*Exercise objective*. The whole listing is to be written out again exactly; the pictures are not.

-- Dataset records follows --

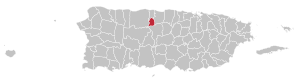 Map of Puerto Rico highlighting Florida Municipality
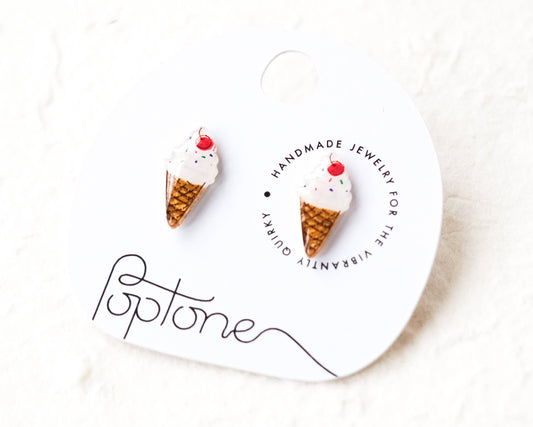 Ice Cream Cone Stud Earrings with Sprinkles and Cherries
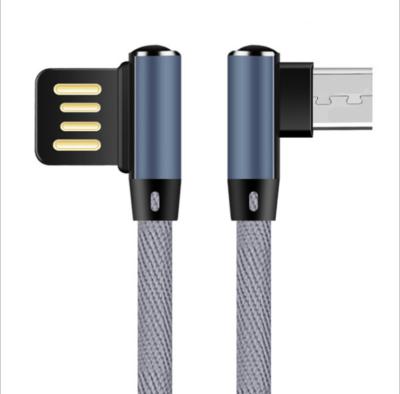 China Mobile Phone Reenwee USB Cable Mic Fast Charging Data Cable Dual 90 Degree Elbow Mic Cable For Android for sale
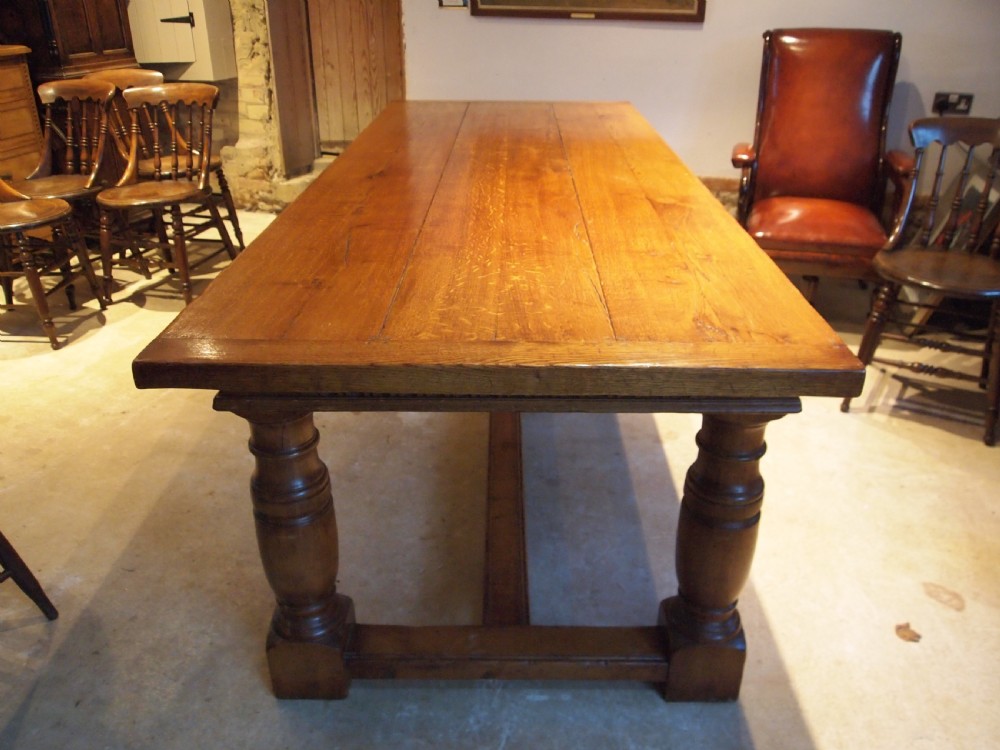 Table refectory dining farmhouse English Oak c1930 View XI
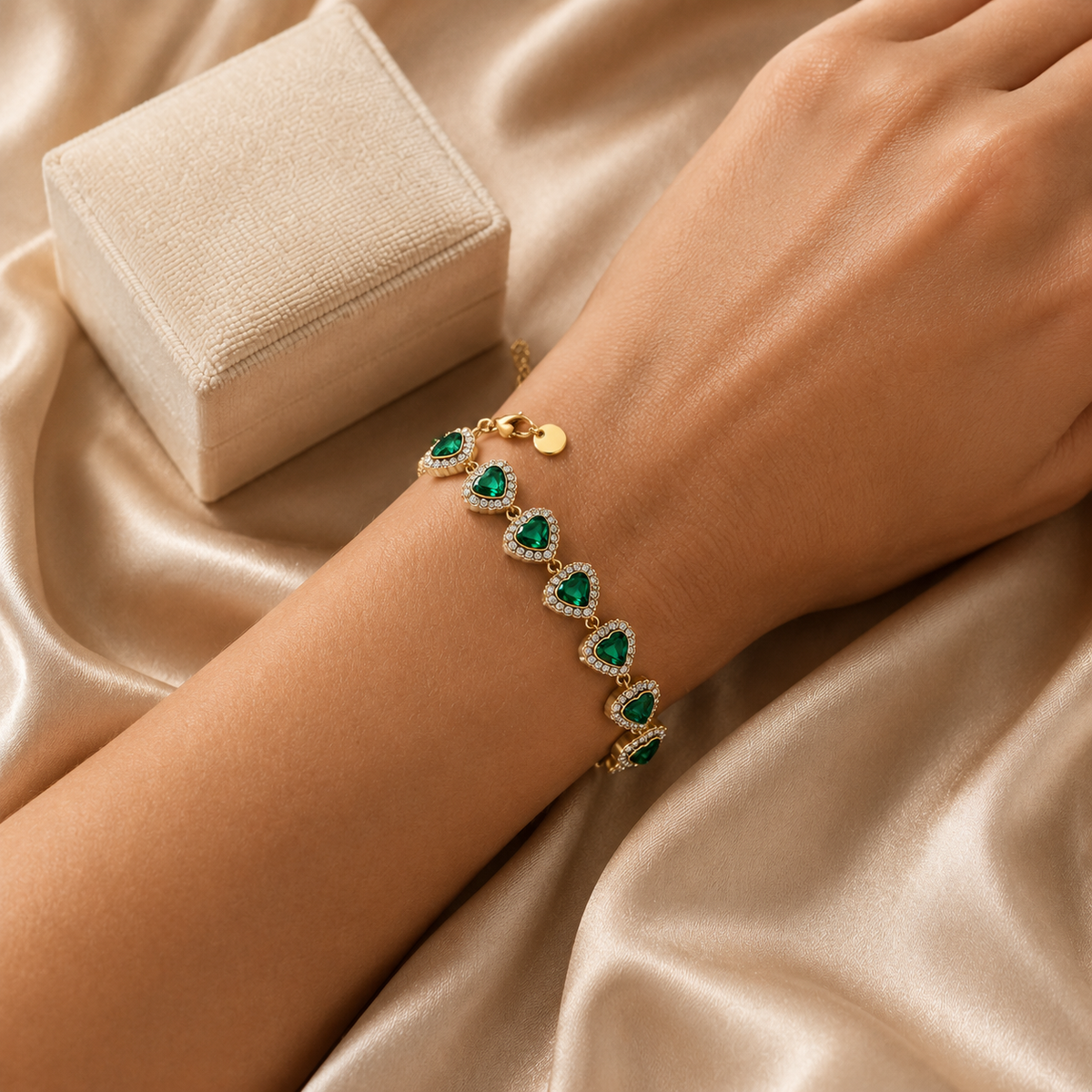 Amour Heart Crystal Tennis Bracelet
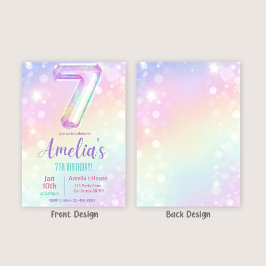 7.ª Chica de la invitación de cumpleaños 7.ª fiest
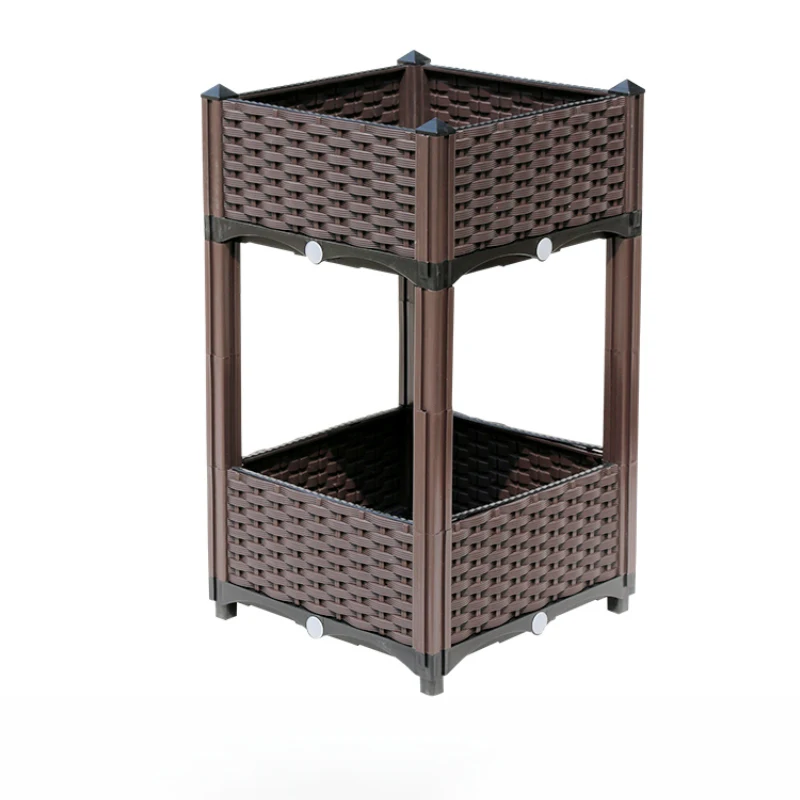 Коричневый цветочный горшок детский пластиковый с узором Ретро Простой ящик для посадки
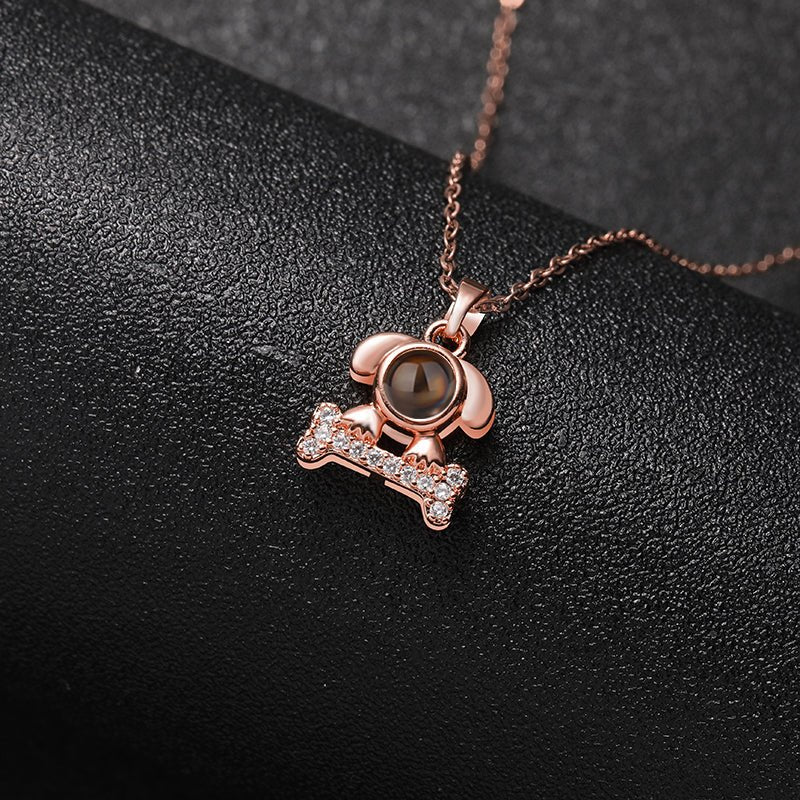 Sparkling Pup Love 925 Sterling Silver Projection Necklace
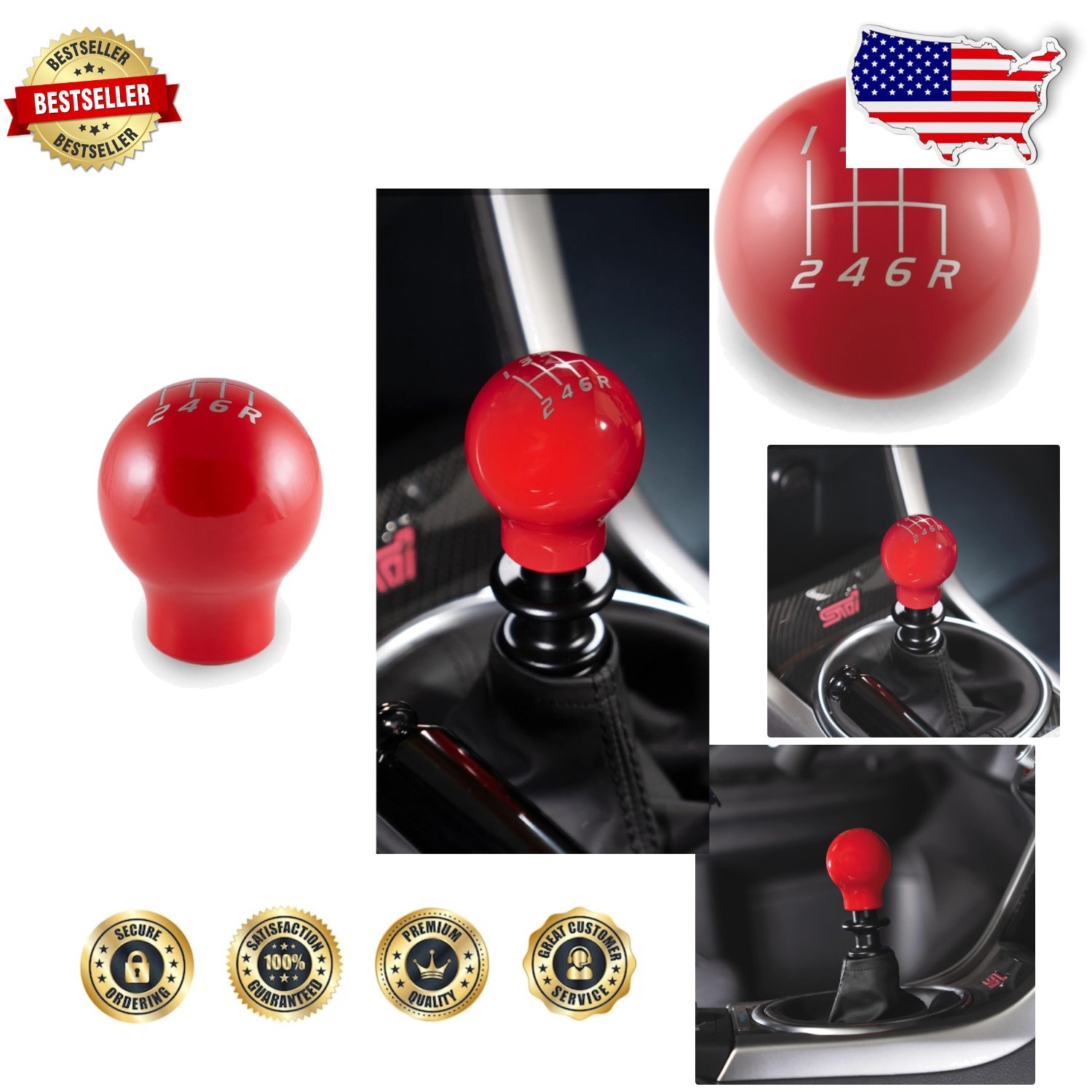 Ergonomic Gloss Red Shift Knob 500g for Subaru WRX STI 2004-2021 Stainless Steel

-- Dataset records concluded --

*Your response*.
 Map of Puerto Rico highlighting Florida Municipality
 Ice Cream Cone Stud Earrings with Sprinkles and Cherries
 China Mobile Phone Reenwee USB Cable Mic Fast Charging Data Cable Dual 90 Degree Elbow Mic Cable For Android for sale
 Table refectory dining farmhouse English Oak c1930 View XI
 Amour Heart Crystal Tennis Bracelet
 7.ª Chica de la invitación de cumpleaños 7.ª fiest
 Коричневый цветочный горшок детский пластиковый с узором Ретро Простой ящик для посадки
 Sparkling Pup Love 925 Sterling Silver Projection Necklace
 Ergonomic Gloss Red Shift Knob 500g for Subaru WRX STI 2004-2021 Stainless Steel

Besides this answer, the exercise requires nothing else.